■ **ASSIGNMENT**:
Transcribe the entries that come next exactly, but not the pictures they contain.
_____
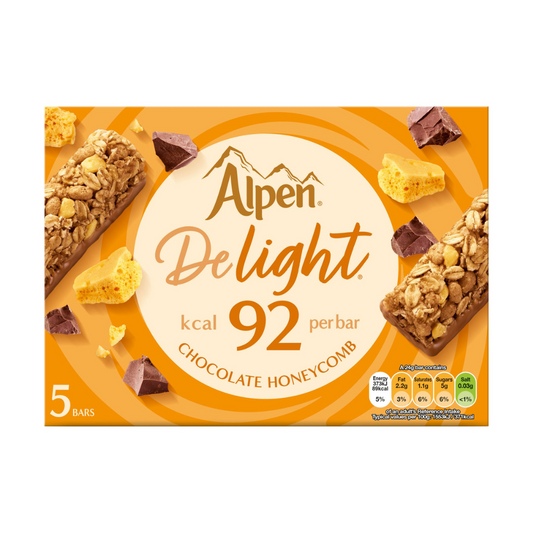 Alpen Delight Chocolate Honeycomb 5 Cereal Bars 120g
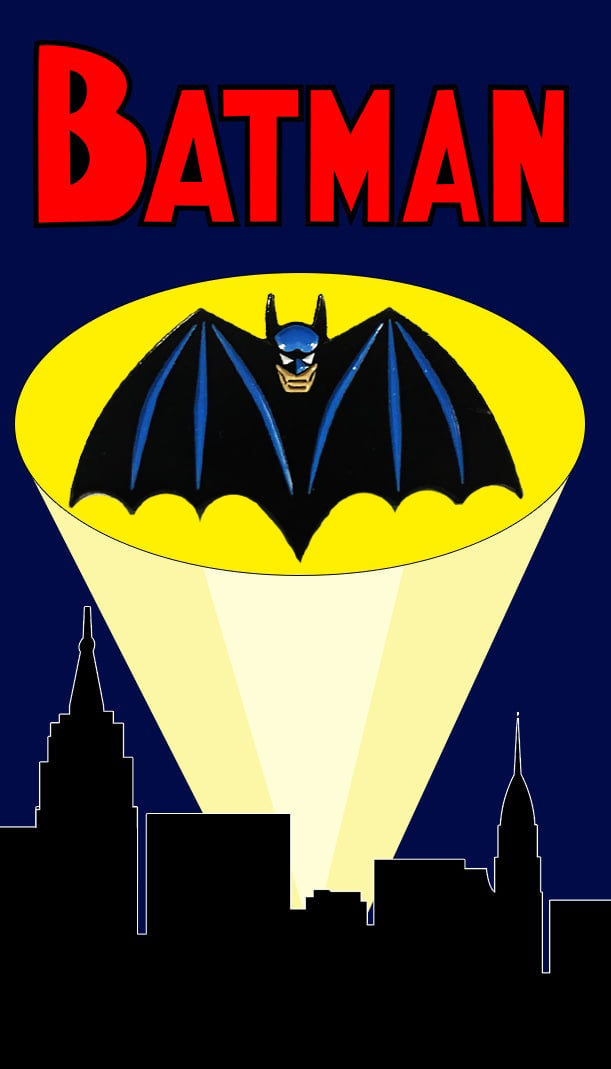 Classic Batman Logo | TroubleMakerDesigns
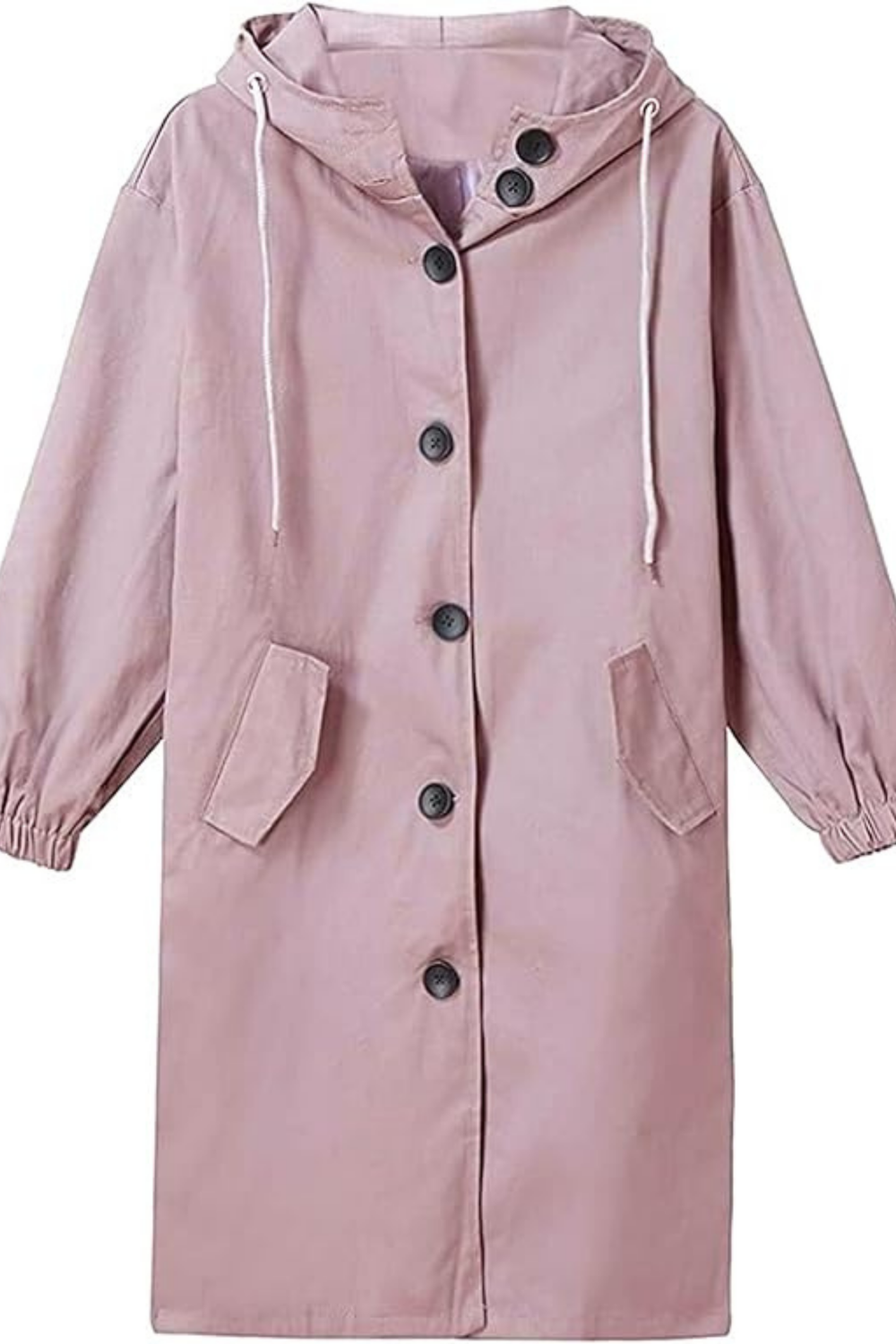 Dolly Stylish Trench Coat Pink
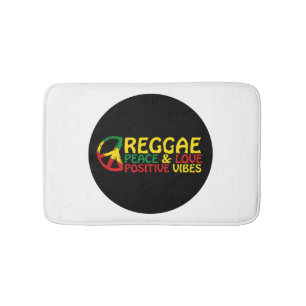 Reggae Music mit positiven Zitaten Badematte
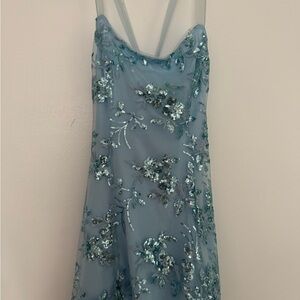 Windsor Blue Sequin Mini Dress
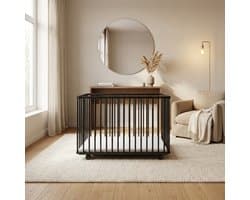 Productfoto van Bebies First LIAM inklapbare babybox met wieltjes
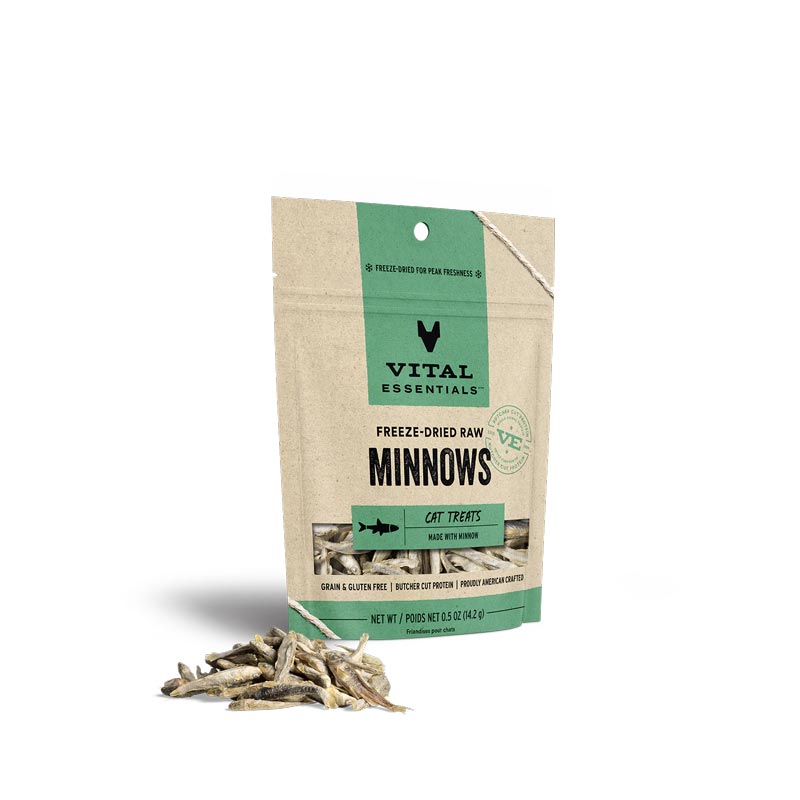 Vital Essentials Freeze Dried Cat Minnows .5 oz. I013622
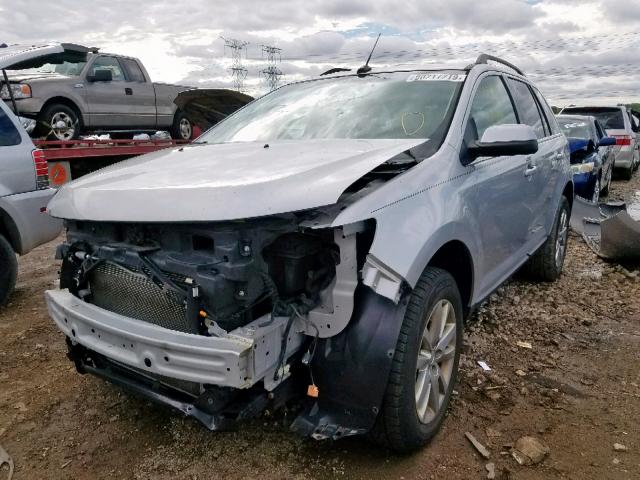 2FMDK3KC2BBB59877 - 2011 FORD EDGE LIMIT SILVER photo 2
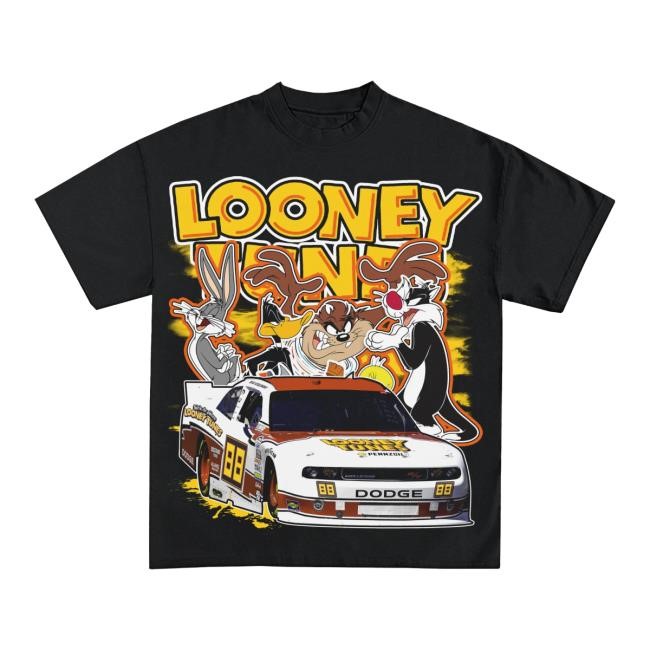 Icy Shop Merch Looney Tunes Racing Graphic Hot Shirt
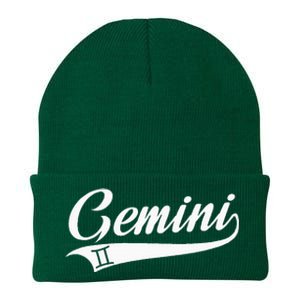 Gemini Zodiac Sign Horoscope Throwback Design Classic Knit Cap Winter Beanie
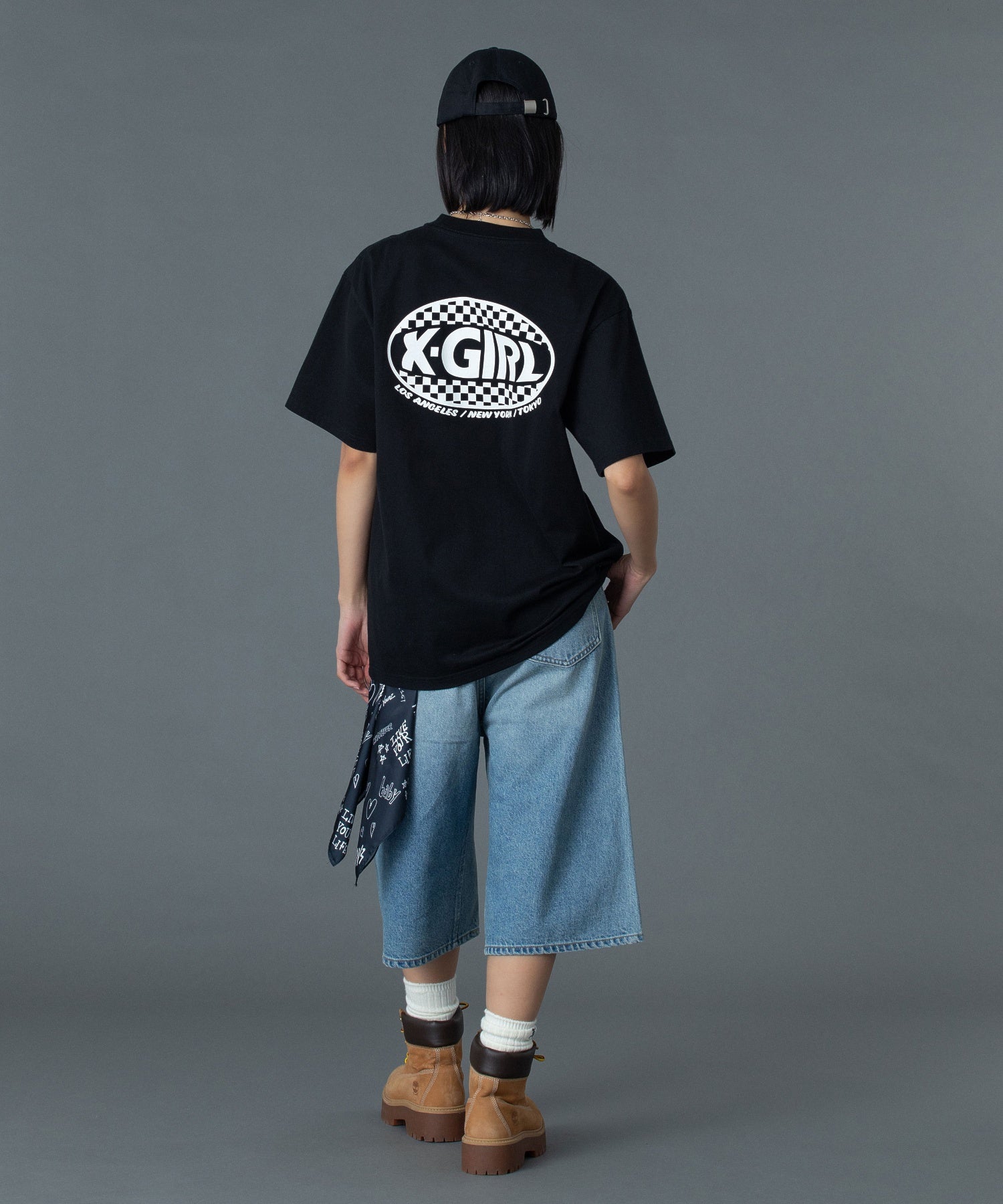 CHECKER OVAL LOGO POCKET S/S TEE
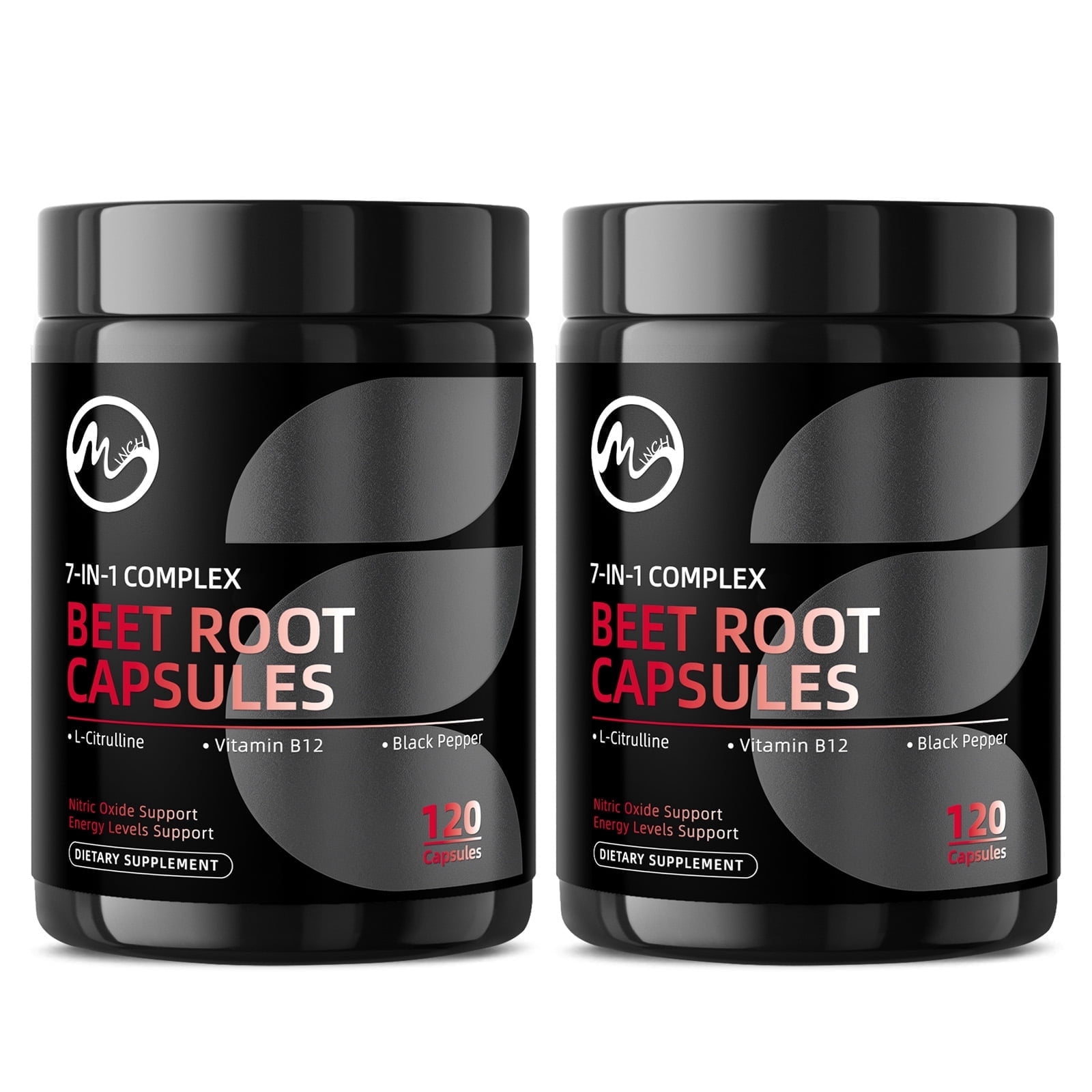 Beet Root Capsules,With Taurine L-Citrulline Black Pepper, Beet Root Powder Supplement Supports Digestive, Immune System,120 Count(2 Pack)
_____
■ **EXERCISE RESULT**:
 Alpen Delight Chocolate Honeycomb 5 Cereal Bars 120g
 Classic Batman Logo | TroubleMakerDesigns
 Dolly Stylish Trench Coat Pink
 Reggae Music mit positiven Zitaten Badematte
 Windsor Blue Sequin Mini Dress
 Productfoto van Bebies First LIAM inklapbare babybox met wieltjes
 Vital Essentials Freeze Dried Cat Minnows .5 oz. I013622
 2FMDK3KC2BBB59877 - 2011 FORD EDGE LIMIT SILVER photo 2
 Icy Shop Merch Looney Tunes Racing Graphic Hot Shirt
 Gemini Zodiac Sign Horoscope Throwback Design Classic Knit Cap Winter Beanie
 CHECKER OVAL LOGO POCKET S/S TEE
 Beet Root Capsules,With Taurine L-Citrulline Black Pepper, Beet Root Powder Supplement Supports Digestive, Immune System,120 Count(2 Pack)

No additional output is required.